Advisory Committee on the Safety of Medicines

7 July 2015

Role of the Advisory Committee on the Safety of Medicines (ACSOM) in the TGA's regulatory decision making process

The ACSOM is a statutory advisory committee established by the Therapeutic Goods Regulations 1990.

The TGA currently has ten statutory advisory committees from which it can obtain independent expert advice on specific scientific and technical matters to aid the TGA's regulatory decision making and other regulatory processes.
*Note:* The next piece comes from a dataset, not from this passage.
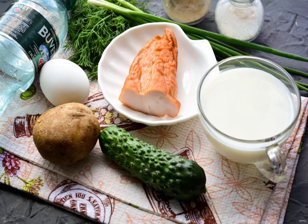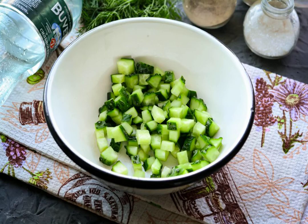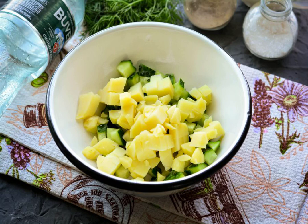Prepare all the ingredients. Cut the fresh cucumbers into cubes and put them in a bowl or saucepan. Boil the potatoes until soft, cut into cubes and add to the cucumbers.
The ACSOM provides advice to the TGA on, amongst other things, matters relating to the safety, risk assessment, risk management and other matters related to pharmacovigilance of medicines.
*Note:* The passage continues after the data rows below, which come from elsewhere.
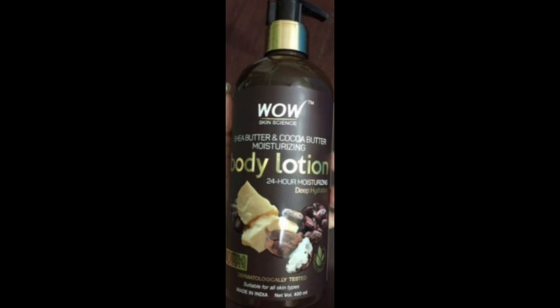This is a pump size bottle. It is available — I think it is 400ml.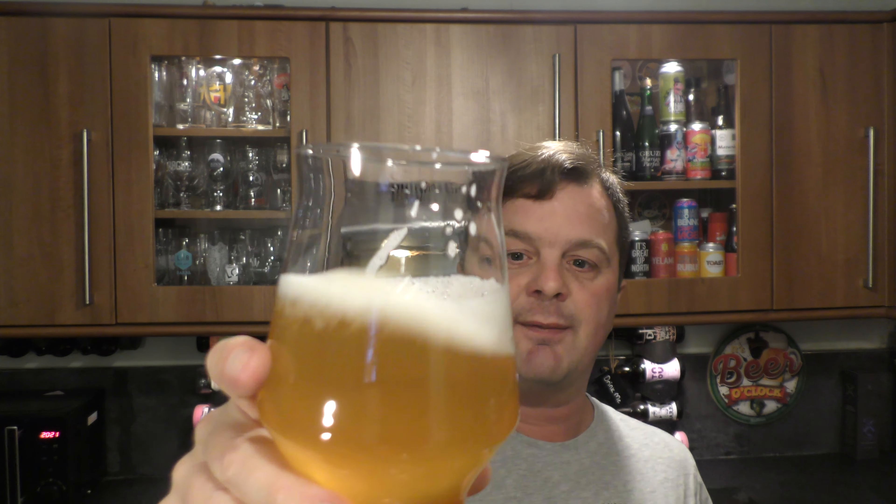It's definitely a New England IPA. There's a touch of bitterness on the back end, sweetness to begin with, and all of the flavour is in the middle. It's drinkable. It's refreshing. The carbonation pushes the beer around the inside of the mouth and releases more of that flavour. It's grainy, it's malty, it's doughy. Fantastic. Fantastic example.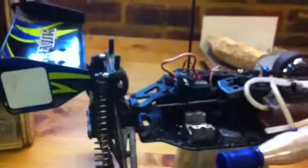Also, I was driving it today and the throttle servo broke, so I'm going to replace it for one of those up there.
How this statement should be read

The advice provided by the ACSOM is an important element in the undertaking of the regulatory functions of the TGA. However, it forms only one part of the total body of information that is available to, for instance, a TGA delegate making a regulatory decision under the Therapeutic Goods Act 1989 (the Act). Therefore, while appropriate consideration will be given to such advice, it is important to note that neither the TGA nor a TGA delegate is obliged to follow it.

It should also be noted that details of the committee's advice may not become publicly available for some time after the committee has provided that advice. The purpose of this Meeting Statement is to describe in general terms the matters considered by the committee at each meeting and for it to be available as soon as reasonably practical after the relevant meeting.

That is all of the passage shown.